Indian History – Part 55 Khilji Militarism Section II: Ala ud-Din Khilji


23 January 2017

Securing the Throne

Immediately after the aged Jalal ud-Din was assassinated, Ala ud-Din was declared sultan in Kara-Manikpur. He had waded through blood to achieve his ambition of being the sultan. There is no doubt that he had displayed daring and dash in the conduct of the successful expedition to Devagiri. This success had made him arrogant and he nurtured a belief of his inherent qualifications to be the sultan. Therefore, he presumed that he would be welcomed by the people of Delhi as their legitimate ruler. However, this was a fallacy and Ala ud-Din found it very difficult to gain the acceptance of the people of Delhi. Contrary to Ala ud-Din’s expectations, he was considered a usurper and also guilty of the murder of his uncle, who had been his greatest benefactor from birth. He became an object of hatred, especially for the nobles loyal to Jalal ud-Din.

Under these conditions, it was only natural for plots and rebellions to be hatched. A group of nobles known as the ‘Jalali nobles’, who were fiercely loyal to the old sultan, plotted revenge for his murder. In these early days Ala ud-Din was at a distinct disadvantage, being far away from Delhi, which was the seat of power. Further, Ahmad Chap, by far the bravest and best commander of Turkish forces of the time, was aligned with the anti-Ala ud-Din faction. As is so often the case in history, at this stage fate intervened in the person of the murdered sultan’s widowed queen, Malika-i-Jahan.

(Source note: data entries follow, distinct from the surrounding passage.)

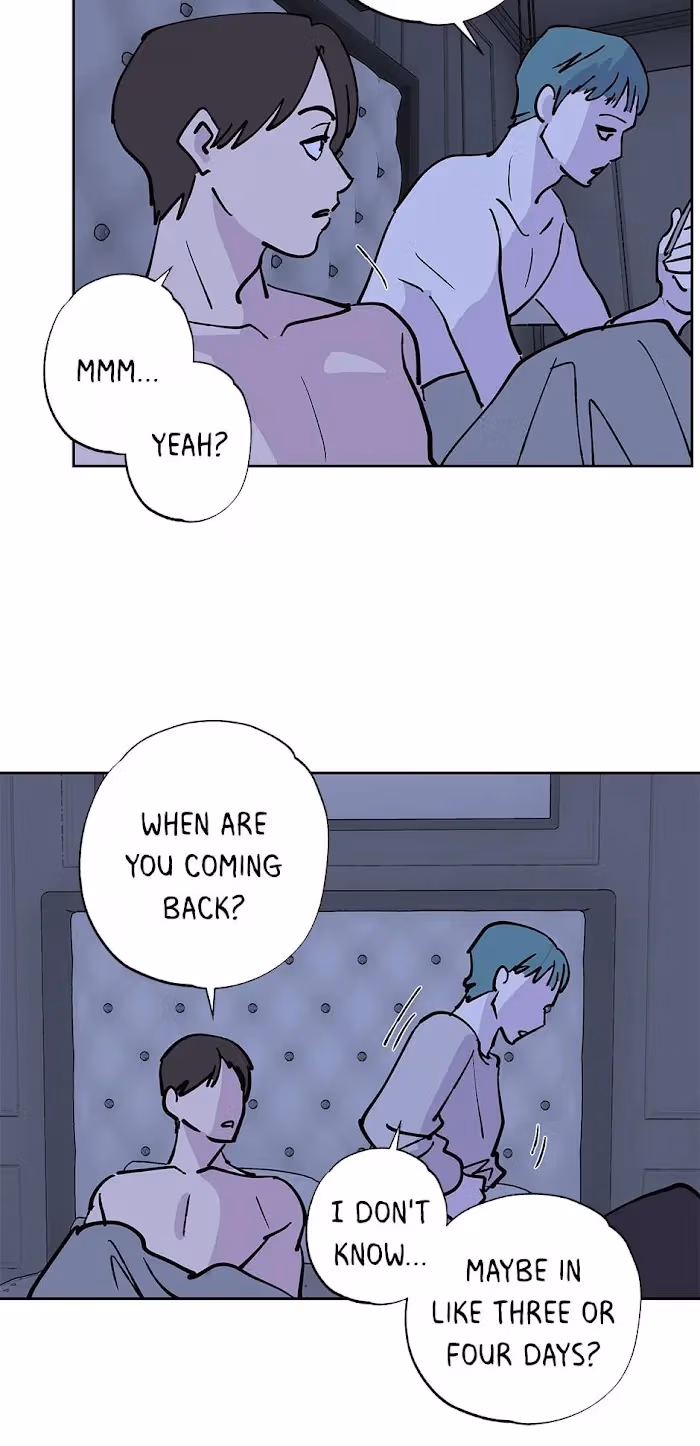 Player <3 Player Chapter 69 page 15 - 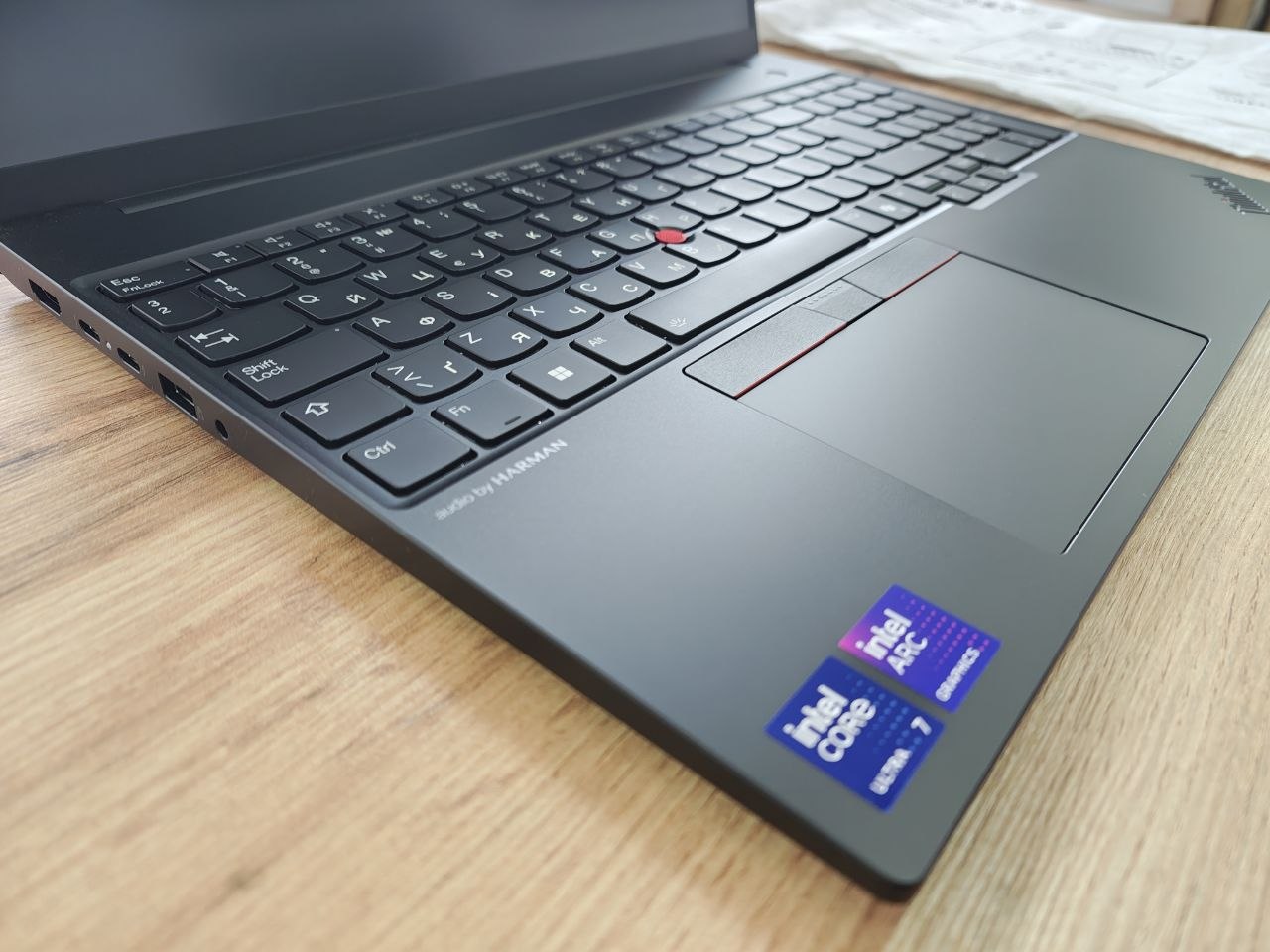 Lenovo ThinkPad E16 Gen 3 U7 256V/RAM 16GB/512GB Win.11 - Зображення 4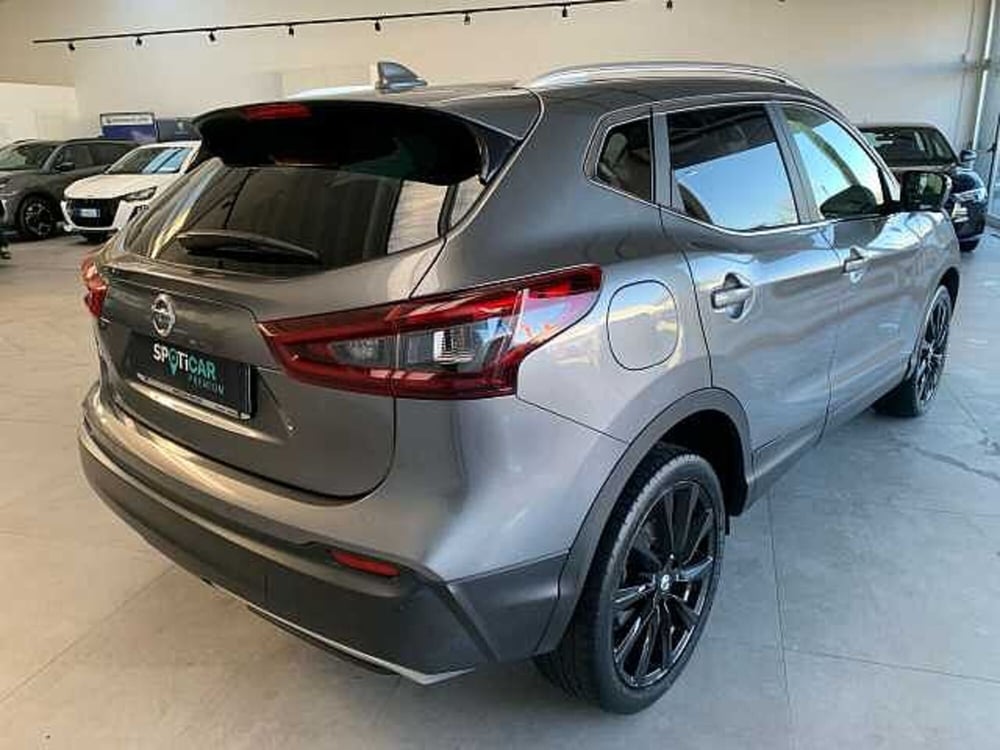 Nissan Qashqai usata a Venezia (6)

Malika Jahan, was not particularly shrewd or intelligent, although she felt that she was up to playing political intrigue against the likes of the ruthless Ala ud-Din and his brother. In the belief that keeping the throne of Delhi vacant was dangerous and could lead to Ala ud-Din being accepted as the sultan, she pushed forward the claim of her sons to the throne as the legitimate successors to Jalal ud-Din. She extended their claims through some amount of unnecessary intrigue. Malika Jahan bought off some nobles who were not supportive of her sons’ claims by plying them with gifts and the promise of high positions. In her haste to fill the throne, the queen raised her second surviving son Qadr Khan to the throne, with the title Rukn ud-Din Ibrahim. This one impulsive action paved the way for disaster. Her elder son Arkali Khan, considered unanimously by all to be more capable than his younger brother, was at this time in Multan. He was upset by his mother’s actions.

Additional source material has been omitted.